L’intervento dello stato e, quando nel 2011 lo spread superò quota 1.000 punti base, quello della cosiddetta Troika (UE, FMI e BCE) salvarono il sistema bancario trasferendo di fatto una parte significativa dell’indebitamento sulle spalle del settore pubblico.
Dopo quella fase turbolenta, l’economia è ora tornata a crescere velocemente, il debito pubblico è passato dal 120% al 68% del PIL e lo spread è oggi appena intorno ai 50 punti base. Così come a inizio secolo, il principale motore della crescita rimangono però i vantaggi fiscali concessi alle multinazionali, specialmente statunitensi, che «trasferiscono» in Irlanda una parte significativa dei loro utili. I dati pubblicati quindi, per quanto calcolati in maniera formalmente corretta, sono in qualche modo «distorti» da manovre contabili e fiscali e, mai come in questo caso, si può dire che il PIL sia una misura bugiarda dell’effettiva attività economica.

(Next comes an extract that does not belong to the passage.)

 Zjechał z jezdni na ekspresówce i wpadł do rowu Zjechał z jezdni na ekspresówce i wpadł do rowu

Per queste ragioni, negli ultimi anni, la Banca centrale irlandese ha sviluppato un particolare indice in grado di eliminare (secondo Eurostat per la verità solo in parte) le distorsioni legate alla globalizzazione. Per quanto forse ancora sopravvalutati rispetto alla «realtà», i dati del cosiddetto «Reddito Nazionale Lordo Modificato» (o «Modified Gross National Income», GNI) danno quindi un’immagine ridimensionata ma più affidabile del «miracolo» irlandese.
La dimensione reale dell’economia sarebbe appena il 60% di quella ufficiale e, tra il 2009 e il 2017, la crescita media annua del GNI è stata del 3,3%: un ritmo sicuramente ottimo, ma dimezzato rispetto ai dati ufficiali. Allo stesso modo, mentre il PIL pro-capite è il quinto al mondo ed è quasi doppio rispetto a quello medio europeo, il reddito nazionale modificato è vicino a quello tedesco e «solo» del 20% più alto rispetto alla media continentale. Un dato finanziario e un dato reale confermano come l’andamento dell’economia irlandese non si discosti in concreto troppo da quello degli altri paesi europei e come il paese abbia problemi analoghi a quelli del resto dell’area.

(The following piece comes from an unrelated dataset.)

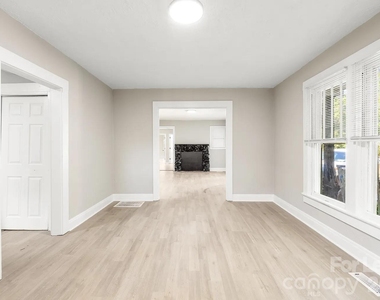 227 N Magnolia Street - Photo Thumbnail 3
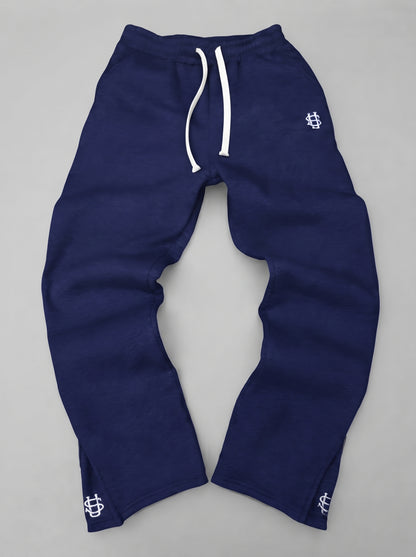Pantalón chándal azul marino oversize con cordón blanco y logos bordados en los bajos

La performance della borsa irlandese negli ultimi cinque anni è poco superiore a quella dell’EuroStoxx (6% annuo contro 5%) e molto più bassa rispetto a quella degli indici di Wall Street, mentre la percentuale di cittadini a rischio di povertà ed esclusione sociale (22,7%) è vicina a quella media europea (22,4%) e superiore rispetto a quella di paesi come Francia e Germania.

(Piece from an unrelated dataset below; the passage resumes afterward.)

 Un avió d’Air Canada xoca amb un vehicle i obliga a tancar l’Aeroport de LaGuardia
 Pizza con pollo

Insomma, l’andamento recente dell’economia irlandese è in generale soddisfacente. Gli anni bui della grande crisi sono alle spalle, la crescita c’è e – comunque la si calcoli – è sostenuta; la disoccupazione in pochi anni è passata dal 15% al 5,4% e la buona crescita dei consumi (+3,7% negli ultimi dodici mesi) è un ulteriore indicatore positivo. Le politiche di apertura dell’economia e la bassa imposizione hanno sicuramente avuto molti effetti positivi. Tuttavia, il caso irlandese ci ricorda quanto sia sempre importante leggere con attenzione tutti i dati, perché (come in questo caso) la realtà può essere meno rosea di quanto alcuni numeri non dicano. E questo, nel caso dell’Irlanda, è vero soprattutto per quanto riguarda la misura dell’indebitamento. Quello del settore pubblico, se misurato in rapporto al GNI*, supera abbondantemente il 100%, mentre quello del settore privato rimane tra i più alti al mondo (172% del reddito nazionale). L’attuale basso spread tra titoli governativi irlandesi e tedeschi forse «dimentica» alcune distorsioni nei dati ufficiali.